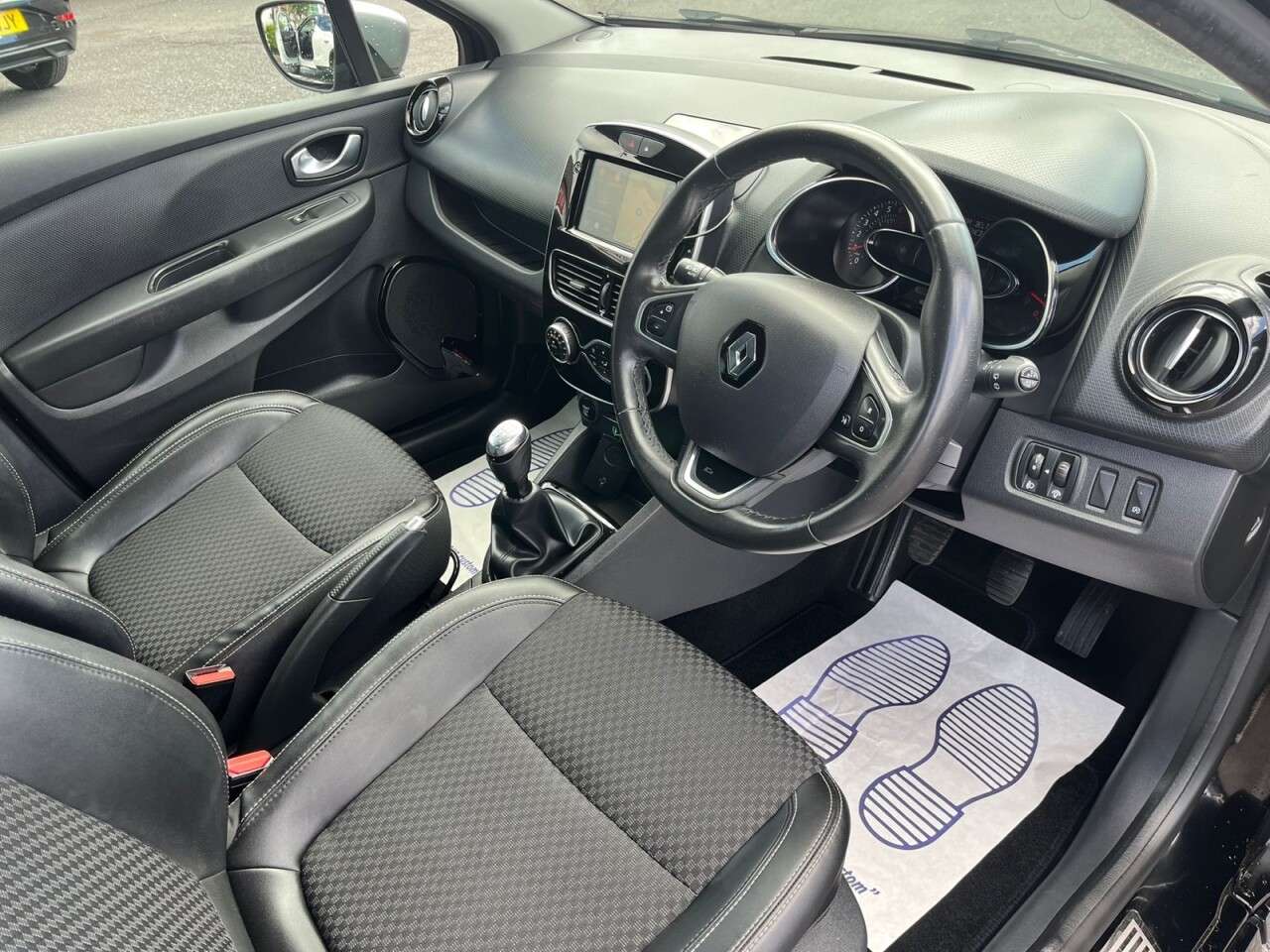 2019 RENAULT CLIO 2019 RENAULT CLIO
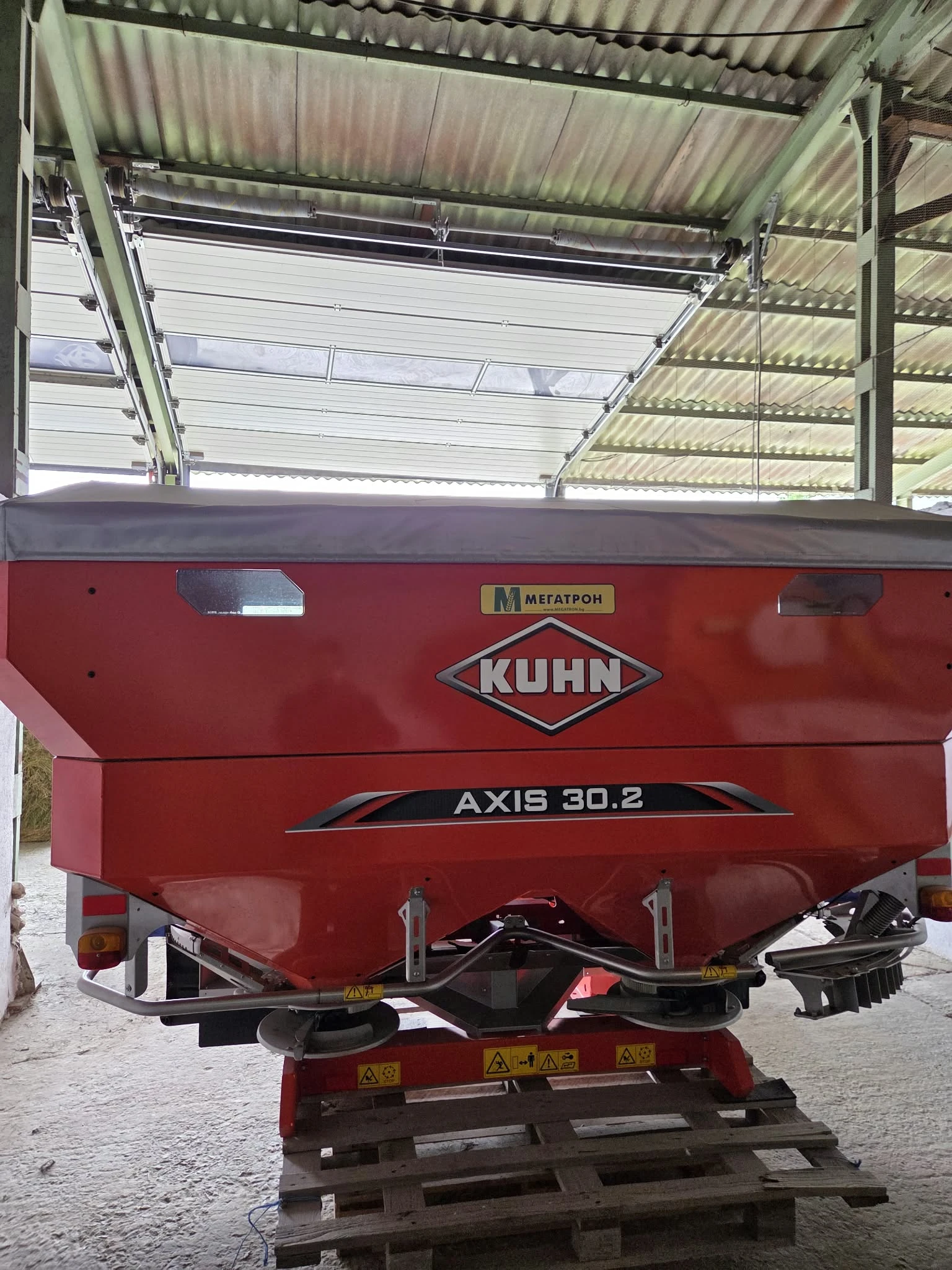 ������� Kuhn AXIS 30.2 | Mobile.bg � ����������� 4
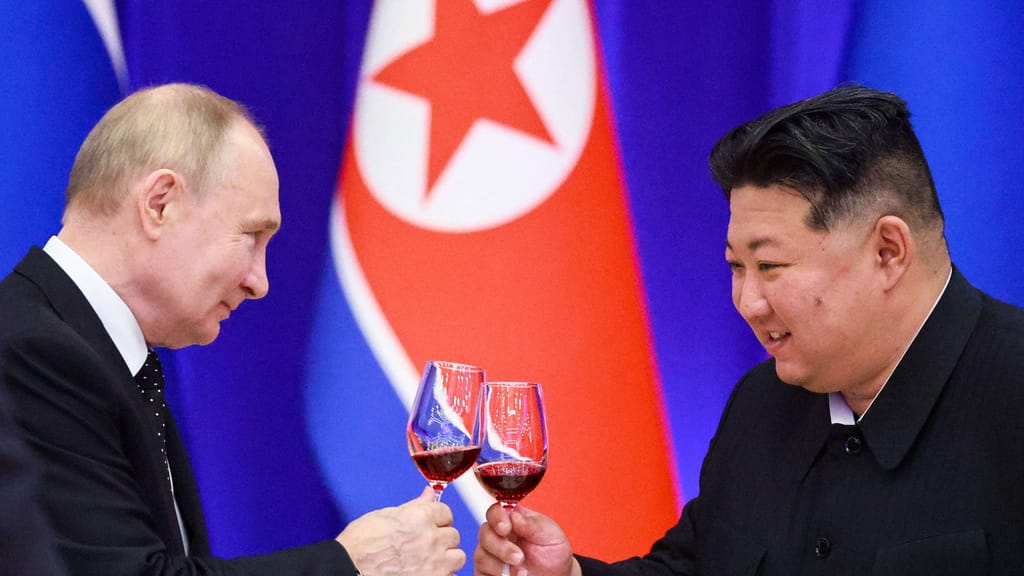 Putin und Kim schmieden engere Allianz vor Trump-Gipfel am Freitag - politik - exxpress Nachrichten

____

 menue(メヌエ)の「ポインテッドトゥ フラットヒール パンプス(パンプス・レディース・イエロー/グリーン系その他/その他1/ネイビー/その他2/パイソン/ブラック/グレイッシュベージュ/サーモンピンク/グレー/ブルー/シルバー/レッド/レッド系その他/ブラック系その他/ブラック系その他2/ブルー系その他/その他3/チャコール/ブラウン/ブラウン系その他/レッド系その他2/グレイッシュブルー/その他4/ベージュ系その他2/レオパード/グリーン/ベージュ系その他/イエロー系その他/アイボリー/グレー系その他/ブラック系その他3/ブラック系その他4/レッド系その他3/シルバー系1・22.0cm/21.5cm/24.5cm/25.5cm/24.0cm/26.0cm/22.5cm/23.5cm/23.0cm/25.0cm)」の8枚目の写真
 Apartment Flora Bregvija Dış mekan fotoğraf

____

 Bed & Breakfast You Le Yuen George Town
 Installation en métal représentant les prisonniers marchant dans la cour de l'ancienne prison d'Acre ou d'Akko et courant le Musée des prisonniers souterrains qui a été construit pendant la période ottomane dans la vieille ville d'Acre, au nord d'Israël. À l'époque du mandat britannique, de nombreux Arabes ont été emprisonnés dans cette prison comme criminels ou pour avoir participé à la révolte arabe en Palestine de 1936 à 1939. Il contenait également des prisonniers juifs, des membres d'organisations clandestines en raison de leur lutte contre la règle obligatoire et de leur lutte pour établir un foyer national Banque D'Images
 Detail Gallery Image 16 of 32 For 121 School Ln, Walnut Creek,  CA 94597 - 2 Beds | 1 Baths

____

Exercise
Within the listing above, the lines from the one with "2019 RENAULT CLIO 2019 RENAULT CLIO" through the one with "Putin und Kim" are to be given again word for word. Do not include pictures.

Response box
 2019 RENAULT CLIO 2019 RENAULT CLIO
 ������� Kuhn AXIS 30.2 | Mobile.bg � ����������� 4
 Putin und Kim schmieden engere Allianz vor Trump-Gipfel am Freitag - politik - exxpress Nachrichten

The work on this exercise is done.